The quantity \(\meps\) is machine dependent. It is a function of the parameters characterizing how a specific architecture converts reals to floating point numbers.

Homework 6.2.2.1.

Assume a floating point number system with \(\beta = 2 \text{,}\) a mantissa with \(t \) digits, and truncation when storing.

  • Write the number \(1 \) as a floating point number in this system.

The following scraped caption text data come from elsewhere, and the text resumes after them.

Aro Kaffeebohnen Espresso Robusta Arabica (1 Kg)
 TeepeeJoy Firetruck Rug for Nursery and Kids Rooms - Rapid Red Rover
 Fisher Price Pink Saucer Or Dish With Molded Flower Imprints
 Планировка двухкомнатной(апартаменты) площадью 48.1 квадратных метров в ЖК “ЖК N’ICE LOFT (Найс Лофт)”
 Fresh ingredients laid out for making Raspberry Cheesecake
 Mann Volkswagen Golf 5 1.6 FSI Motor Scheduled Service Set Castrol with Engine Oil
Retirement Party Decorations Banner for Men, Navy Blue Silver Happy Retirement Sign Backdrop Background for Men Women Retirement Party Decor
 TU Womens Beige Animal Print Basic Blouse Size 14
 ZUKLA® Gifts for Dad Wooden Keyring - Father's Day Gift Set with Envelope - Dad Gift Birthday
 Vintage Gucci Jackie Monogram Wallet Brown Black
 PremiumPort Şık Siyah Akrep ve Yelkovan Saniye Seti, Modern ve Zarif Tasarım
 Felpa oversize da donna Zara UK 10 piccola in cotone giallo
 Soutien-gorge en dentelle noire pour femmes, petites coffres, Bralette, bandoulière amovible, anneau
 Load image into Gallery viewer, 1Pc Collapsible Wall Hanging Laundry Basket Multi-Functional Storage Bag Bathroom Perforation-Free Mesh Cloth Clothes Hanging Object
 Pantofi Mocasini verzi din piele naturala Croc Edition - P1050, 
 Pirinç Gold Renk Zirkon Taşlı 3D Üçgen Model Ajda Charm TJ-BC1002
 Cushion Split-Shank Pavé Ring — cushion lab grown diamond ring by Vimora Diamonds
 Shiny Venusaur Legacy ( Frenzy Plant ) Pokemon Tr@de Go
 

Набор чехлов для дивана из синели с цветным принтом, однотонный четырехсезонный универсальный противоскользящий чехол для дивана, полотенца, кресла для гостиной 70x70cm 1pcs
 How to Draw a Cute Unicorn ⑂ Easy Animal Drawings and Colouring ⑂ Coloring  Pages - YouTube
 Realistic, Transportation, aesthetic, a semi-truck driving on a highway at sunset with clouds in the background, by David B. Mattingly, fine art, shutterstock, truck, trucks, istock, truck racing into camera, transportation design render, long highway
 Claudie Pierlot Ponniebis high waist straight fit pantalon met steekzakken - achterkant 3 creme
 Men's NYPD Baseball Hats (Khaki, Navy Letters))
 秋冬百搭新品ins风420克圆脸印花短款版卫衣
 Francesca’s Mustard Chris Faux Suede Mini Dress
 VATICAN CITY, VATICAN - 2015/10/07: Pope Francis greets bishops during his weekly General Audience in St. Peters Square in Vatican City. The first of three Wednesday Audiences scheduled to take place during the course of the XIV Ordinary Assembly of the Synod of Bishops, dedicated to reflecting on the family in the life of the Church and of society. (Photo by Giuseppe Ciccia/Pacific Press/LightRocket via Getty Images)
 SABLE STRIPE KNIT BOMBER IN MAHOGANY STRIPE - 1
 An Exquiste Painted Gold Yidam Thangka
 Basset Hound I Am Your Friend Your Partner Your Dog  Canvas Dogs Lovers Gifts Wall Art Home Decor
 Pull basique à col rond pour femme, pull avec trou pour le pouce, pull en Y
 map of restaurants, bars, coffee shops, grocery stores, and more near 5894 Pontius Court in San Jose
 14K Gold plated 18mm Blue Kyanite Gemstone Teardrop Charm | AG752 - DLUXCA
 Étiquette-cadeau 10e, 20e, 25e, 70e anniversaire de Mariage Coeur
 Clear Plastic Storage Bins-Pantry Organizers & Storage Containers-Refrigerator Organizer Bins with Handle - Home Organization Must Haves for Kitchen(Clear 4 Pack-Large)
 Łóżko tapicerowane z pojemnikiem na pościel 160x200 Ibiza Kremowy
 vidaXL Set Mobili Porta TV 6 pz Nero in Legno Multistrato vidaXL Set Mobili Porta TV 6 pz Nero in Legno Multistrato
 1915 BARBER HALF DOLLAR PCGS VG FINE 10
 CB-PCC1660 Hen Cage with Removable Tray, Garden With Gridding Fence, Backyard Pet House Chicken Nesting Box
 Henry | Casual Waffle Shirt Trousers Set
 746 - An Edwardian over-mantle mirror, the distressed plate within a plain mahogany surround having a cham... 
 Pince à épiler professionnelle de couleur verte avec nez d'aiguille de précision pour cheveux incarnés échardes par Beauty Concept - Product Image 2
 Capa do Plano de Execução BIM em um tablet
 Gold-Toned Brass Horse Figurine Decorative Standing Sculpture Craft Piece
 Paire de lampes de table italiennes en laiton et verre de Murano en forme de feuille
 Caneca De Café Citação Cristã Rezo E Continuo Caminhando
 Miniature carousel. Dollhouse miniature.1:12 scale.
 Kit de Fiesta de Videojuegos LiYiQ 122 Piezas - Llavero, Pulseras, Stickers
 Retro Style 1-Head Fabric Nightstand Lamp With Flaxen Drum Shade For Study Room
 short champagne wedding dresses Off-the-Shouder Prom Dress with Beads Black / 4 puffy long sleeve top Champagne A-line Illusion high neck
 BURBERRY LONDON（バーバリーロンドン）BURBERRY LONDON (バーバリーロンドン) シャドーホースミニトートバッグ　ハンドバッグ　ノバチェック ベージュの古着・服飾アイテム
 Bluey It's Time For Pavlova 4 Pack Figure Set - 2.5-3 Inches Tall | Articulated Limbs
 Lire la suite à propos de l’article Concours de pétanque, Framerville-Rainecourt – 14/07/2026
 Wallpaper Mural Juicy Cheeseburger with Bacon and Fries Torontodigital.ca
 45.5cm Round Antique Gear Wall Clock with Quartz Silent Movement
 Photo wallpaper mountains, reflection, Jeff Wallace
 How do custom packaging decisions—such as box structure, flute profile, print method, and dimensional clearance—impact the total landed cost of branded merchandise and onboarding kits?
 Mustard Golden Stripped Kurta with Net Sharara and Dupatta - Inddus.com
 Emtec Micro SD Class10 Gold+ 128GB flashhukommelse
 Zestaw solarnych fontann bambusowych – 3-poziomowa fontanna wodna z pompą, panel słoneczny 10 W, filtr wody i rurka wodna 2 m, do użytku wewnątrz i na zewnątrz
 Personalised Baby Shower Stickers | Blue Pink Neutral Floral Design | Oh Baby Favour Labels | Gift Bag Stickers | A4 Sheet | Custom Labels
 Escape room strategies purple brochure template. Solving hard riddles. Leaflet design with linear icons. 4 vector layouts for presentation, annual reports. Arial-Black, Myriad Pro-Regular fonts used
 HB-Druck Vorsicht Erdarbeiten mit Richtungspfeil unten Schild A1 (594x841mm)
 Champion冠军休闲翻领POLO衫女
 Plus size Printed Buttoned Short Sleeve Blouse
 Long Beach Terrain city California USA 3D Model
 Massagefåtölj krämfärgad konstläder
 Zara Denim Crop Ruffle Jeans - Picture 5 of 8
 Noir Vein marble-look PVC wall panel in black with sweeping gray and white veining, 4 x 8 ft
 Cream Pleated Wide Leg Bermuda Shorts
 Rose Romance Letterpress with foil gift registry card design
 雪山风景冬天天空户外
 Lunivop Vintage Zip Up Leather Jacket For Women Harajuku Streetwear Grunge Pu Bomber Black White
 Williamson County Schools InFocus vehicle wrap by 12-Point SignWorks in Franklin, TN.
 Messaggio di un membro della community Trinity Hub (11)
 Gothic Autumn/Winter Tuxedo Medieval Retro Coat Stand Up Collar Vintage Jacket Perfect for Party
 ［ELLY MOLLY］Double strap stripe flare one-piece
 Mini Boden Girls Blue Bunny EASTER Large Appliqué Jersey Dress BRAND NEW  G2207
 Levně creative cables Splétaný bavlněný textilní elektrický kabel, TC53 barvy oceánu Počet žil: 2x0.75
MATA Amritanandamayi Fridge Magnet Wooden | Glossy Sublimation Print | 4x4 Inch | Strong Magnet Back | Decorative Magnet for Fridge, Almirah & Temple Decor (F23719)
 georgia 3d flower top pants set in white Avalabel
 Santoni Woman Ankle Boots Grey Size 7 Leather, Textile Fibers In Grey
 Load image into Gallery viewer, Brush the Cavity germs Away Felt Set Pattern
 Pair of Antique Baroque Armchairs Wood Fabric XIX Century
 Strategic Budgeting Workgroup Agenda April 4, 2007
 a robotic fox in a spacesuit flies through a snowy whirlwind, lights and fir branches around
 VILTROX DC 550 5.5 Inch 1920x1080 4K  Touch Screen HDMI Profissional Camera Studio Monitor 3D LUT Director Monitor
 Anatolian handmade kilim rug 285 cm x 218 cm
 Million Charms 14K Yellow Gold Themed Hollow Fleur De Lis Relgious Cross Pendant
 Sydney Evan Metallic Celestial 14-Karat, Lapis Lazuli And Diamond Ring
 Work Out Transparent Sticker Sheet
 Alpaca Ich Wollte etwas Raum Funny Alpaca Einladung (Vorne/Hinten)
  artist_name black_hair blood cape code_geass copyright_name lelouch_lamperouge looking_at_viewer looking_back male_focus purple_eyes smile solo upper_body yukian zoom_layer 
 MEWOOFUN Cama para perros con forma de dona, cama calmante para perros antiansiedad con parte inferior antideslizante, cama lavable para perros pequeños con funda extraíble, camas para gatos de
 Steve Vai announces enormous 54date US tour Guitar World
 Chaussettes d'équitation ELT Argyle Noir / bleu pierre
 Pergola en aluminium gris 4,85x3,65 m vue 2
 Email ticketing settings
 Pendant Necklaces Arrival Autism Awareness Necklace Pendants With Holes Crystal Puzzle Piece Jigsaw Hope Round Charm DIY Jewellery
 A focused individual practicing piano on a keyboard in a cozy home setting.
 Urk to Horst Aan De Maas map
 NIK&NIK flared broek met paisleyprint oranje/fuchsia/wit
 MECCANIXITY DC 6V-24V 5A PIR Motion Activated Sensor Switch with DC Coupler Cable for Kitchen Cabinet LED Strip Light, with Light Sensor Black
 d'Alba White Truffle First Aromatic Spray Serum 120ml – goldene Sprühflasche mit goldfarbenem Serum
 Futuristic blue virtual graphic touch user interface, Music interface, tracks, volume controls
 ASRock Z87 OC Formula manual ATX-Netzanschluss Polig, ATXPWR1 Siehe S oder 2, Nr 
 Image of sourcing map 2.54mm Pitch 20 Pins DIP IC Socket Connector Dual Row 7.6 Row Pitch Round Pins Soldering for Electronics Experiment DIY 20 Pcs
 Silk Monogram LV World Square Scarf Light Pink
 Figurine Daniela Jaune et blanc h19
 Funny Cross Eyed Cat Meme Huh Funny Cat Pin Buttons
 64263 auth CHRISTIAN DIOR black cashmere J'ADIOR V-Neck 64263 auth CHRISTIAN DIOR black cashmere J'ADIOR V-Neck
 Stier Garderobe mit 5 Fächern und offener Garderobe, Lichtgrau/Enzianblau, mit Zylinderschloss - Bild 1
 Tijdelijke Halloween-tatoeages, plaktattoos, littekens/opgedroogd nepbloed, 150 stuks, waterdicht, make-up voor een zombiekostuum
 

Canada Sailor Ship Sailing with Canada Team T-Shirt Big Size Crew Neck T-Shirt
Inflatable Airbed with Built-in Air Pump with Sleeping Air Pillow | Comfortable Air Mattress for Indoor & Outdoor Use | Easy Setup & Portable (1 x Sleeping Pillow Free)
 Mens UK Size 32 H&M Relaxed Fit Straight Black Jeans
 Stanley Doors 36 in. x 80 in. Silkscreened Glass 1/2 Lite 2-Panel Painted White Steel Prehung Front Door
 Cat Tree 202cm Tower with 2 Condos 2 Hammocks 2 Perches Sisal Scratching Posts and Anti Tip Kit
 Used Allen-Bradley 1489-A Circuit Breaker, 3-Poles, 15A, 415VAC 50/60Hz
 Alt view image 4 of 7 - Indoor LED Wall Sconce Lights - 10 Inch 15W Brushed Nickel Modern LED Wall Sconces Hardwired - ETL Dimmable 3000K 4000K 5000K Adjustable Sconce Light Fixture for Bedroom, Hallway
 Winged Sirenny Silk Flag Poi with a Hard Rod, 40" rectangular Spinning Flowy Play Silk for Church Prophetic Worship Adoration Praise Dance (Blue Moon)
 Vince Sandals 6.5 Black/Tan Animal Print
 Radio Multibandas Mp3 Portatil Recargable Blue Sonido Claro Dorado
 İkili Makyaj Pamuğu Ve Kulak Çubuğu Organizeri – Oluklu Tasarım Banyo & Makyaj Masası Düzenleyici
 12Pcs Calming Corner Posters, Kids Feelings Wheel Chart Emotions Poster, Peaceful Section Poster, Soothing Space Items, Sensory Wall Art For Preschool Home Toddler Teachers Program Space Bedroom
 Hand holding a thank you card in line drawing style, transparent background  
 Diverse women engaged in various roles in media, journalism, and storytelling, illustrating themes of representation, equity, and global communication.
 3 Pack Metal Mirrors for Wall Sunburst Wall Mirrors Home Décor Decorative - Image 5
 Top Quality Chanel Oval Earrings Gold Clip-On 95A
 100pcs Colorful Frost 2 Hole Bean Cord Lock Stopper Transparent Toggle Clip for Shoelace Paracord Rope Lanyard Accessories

  • What is the \(\meps \) for this system?

Solution
  • Write the number \(1 \) as a floating point number.

    Answer:

    \begin{equation*} \begin{array}[t]{c} \underbrace{ . 1 0\cdots 0} \\ t \\ \mbox{ digits} \end{array} \times 2^1\text{.} \end{equation*}
  • What is the \(\meps \) for this system?

    Answer:

    \begin{equation*} \begin{array}[t]{c} \underbrace{ \begin{array}[t]{c} \underbrace{ . 1 0\cdots 0} \\ t \mbox{ digits} \end{array} \times 2^1} \\ 1 \end{array} + \begin{array}[t]{c} \underbrace{ \begin{array}[t]{c} \underbrace{ .0 0 \cdots 1} \\ t \mbox{ digits} \end{array} \times 2^1} \\ 2^{-(t-1)} \end{array} = \begin{array}[t]{c} \underbrace{ \begin{array}[t]{c} \underbrace{ .1 0\cdots 1} \\ t \mbox{ digits} \end{array} \times 2^1} \\ \gt 1 \end{array} \end{equation*}

    and

    \begin{equation*} \begin{array}[t]{c} \underbrace{ \begin{array}[t]{c} \underbrace{ . 1 0\cdots 0} \\ t \mbox{ digits} \end{array} \times 2^1} \\ 1 \end{array} + \begin{array}[t]{c} \underbrace{ \begin{array}[t]{c} \underbrace{ .0 0 \cdots 0} \\ t \mbox{ digits} \end{array} 1 1 \cdots \times 2^1} \\ \lt 2^{-(t-1)} \end{array} = \begin{array}[t]{c} \underbrace{ \begin{array}[t]{c} \underbrace{ .1 0\cdots 0} \\ t \mbox{ digits} \end{array} 1 1 \cdots \times 2^1} \\ \mbox{ truncates to } 1 \end{array} \end{equation*}

    Notice that

    \begin{equation*} \begin{array}[t]{c} \underbrace{ .0 0 \cdots 1} \\ t \mbox{ digits} \end{array} \times 2^1 \end{equation*}

    can be represented as

    \begin{equation*} \begin{array}[t]{c} \underbrace{ .1 0 \cdots 0} \\ t \mbox{ digits} \end{array} \times 2^{-(t-2)} \end{equation*}

    and

    \begin{equation*} \begin{array}[t]{c} \underbrace{ .0 0 \cdots 0} \\ t \mbox{ digits} \end{array} 1 1 \cdots \times 2^1 \end{equation*}

    as

    \begin{equation*} \begin{array}[t]{c} \underbrace{ .1 1 \cdots 1} \\ t \mbox{ digits} \end{array} \times 2^{-(t-1)} \end{equation*}

    Hence \(\meps = 2^{-(t-1)} \text{.}\)